The Laboratory performs theoretical and experimental research on various components of hydrology and its role in the complete Earth science system. The program is aimed at observing, understanding, and modeling the global oceans and ice, surface water, and mesoscale atmospheric processes. The Laboratory conducts research on Earth observational systems and techniques associated with remote and in-situ sensing.
Contact: Antonio Busalacchi (301) 614-5671

Biospheric Studies (GSFC)

These include research on terrestrial ecosystem-atmosphere interactions, and ecological patterns and processes occurring at local, regional and continental spatial scales, as well as basic remote sensing research. A wide variety of remote sensing models and passive and active instruments are used to develop a fundamental understanding of the interaction of electromagnetic radiation with terrestrial surfaces. Laboratory, field, aircraft, and satellite investigations are used to characterize the spectral distribution, bi-directional reflectance, and polarization response of terrain features at visible, infrared and microwave frequencies. Techniques are developed to create, process, and analyze multi-year global datasets. Time series of satellite data are used to study the seasonal dynamics of global vegetation, interannual variations in production of semi-arid grasslands, tropical forest alteration, and to provide improved surface characterization for input into global models. http://ltpwww.gsfc.nasa.gov/bsb/Home.html
Contact: Darrel Williams (301) 286-8860

 Climate and Radiation Branch (GSFC)

This branch conducts basic and applied research with the goal of improving the fundamental understanding of regional and global climate on a wide range of spatial and temporal scales. Emphasis is placed on the physical processes involving atmospheric radiation and dynamics, in particular, processes leading to the formation of clouds and precipitation and their effects on the water and energy cycles of the Earth. Currently, the major research thrusts of the Branch are: climate diagnostics, remote sensing applications, hydrologic processes and radiation, aerosol/climate interactions, and modeling seasonal-to-interannual variability of climate.
Contact: William Lau (301) 286-7208

Tropospheric Chemistry Research Program (LaRC)

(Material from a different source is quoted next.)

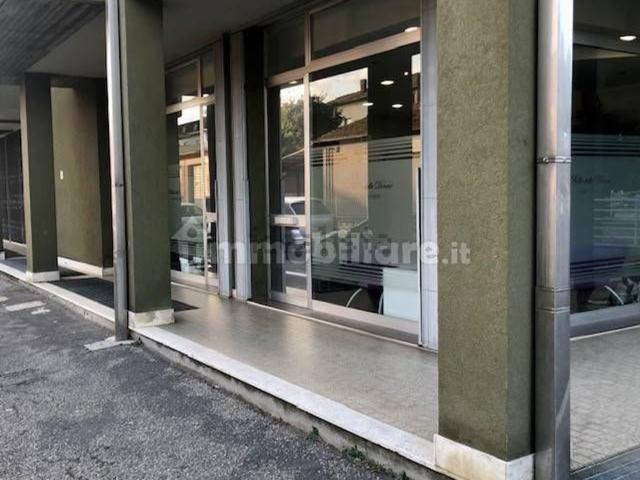 Locale Commerciale in vendita a Unione di comuni Terre di Castelli, Vignola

Assess and understand human impact on the regional-to-global-scale troposphere; define chemical and physical processes governing the global geochemical cycles from empirical and analytical modeling studies, laboratory measurements, technology developments, and field measurements; and exploit unique and critical roles that space observations can provide.
Contact: James M. Hoell (757) 864-5826

Atmospheric Chemistry and Dynamics (GSFC)

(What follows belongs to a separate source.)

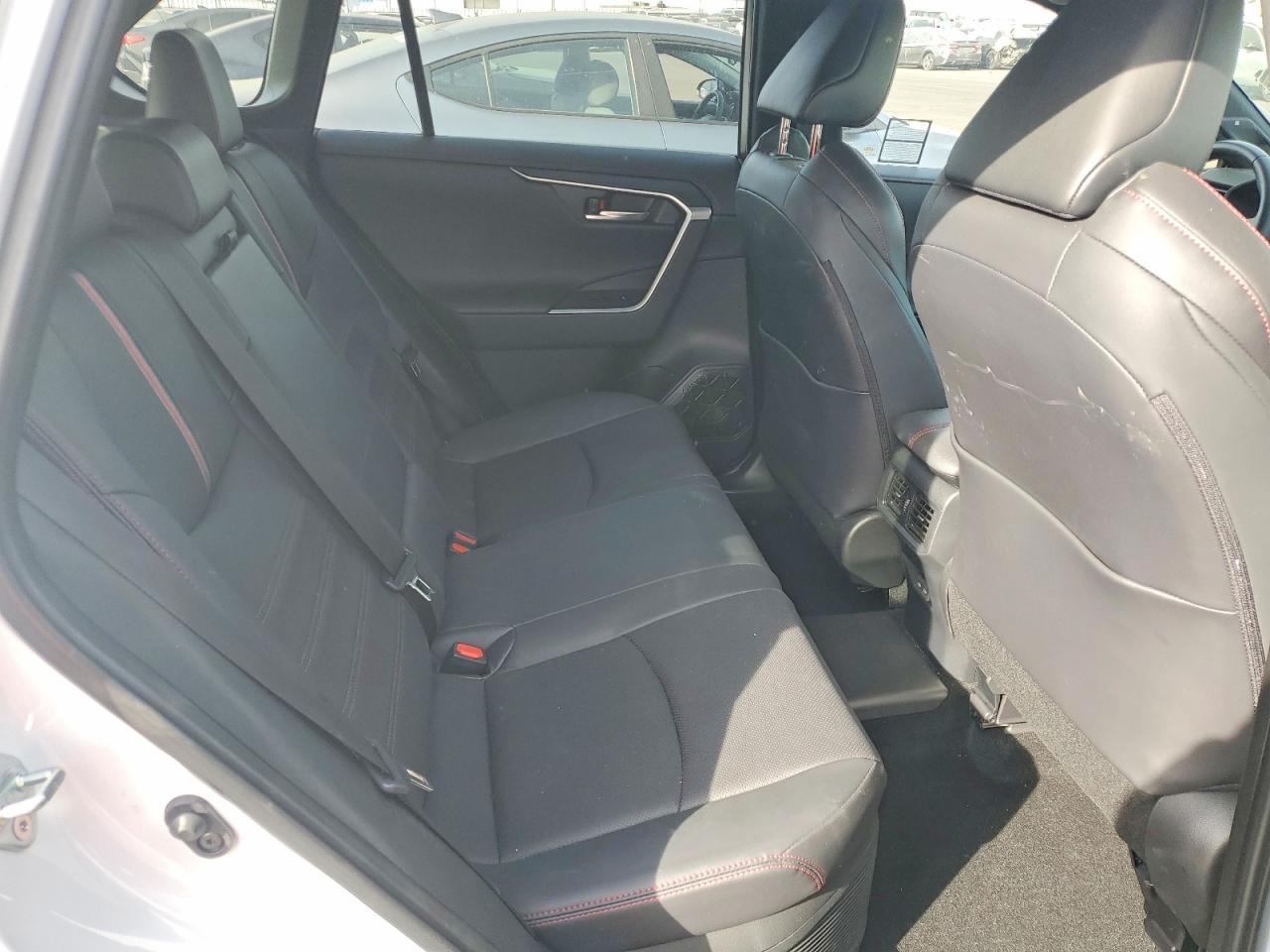 2024 Toyota Rav4 Prime Xse - zdjęcie 11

This Branch conducts research aimed at understanding the radiation-chemistry-dynamics interaction in the troposphere-stratosphere-mesosphere system.. This Branch develops remote-sensing techniques to measure ozone and other atmospheric trace constituents important for atmospheric chemistry and climate studies, develops models for use in the analysis of observations, incorporates results of analysis to improve the predictive capabilities of models, and provides predictions of the impact of trace gas emissions on the ozone layer.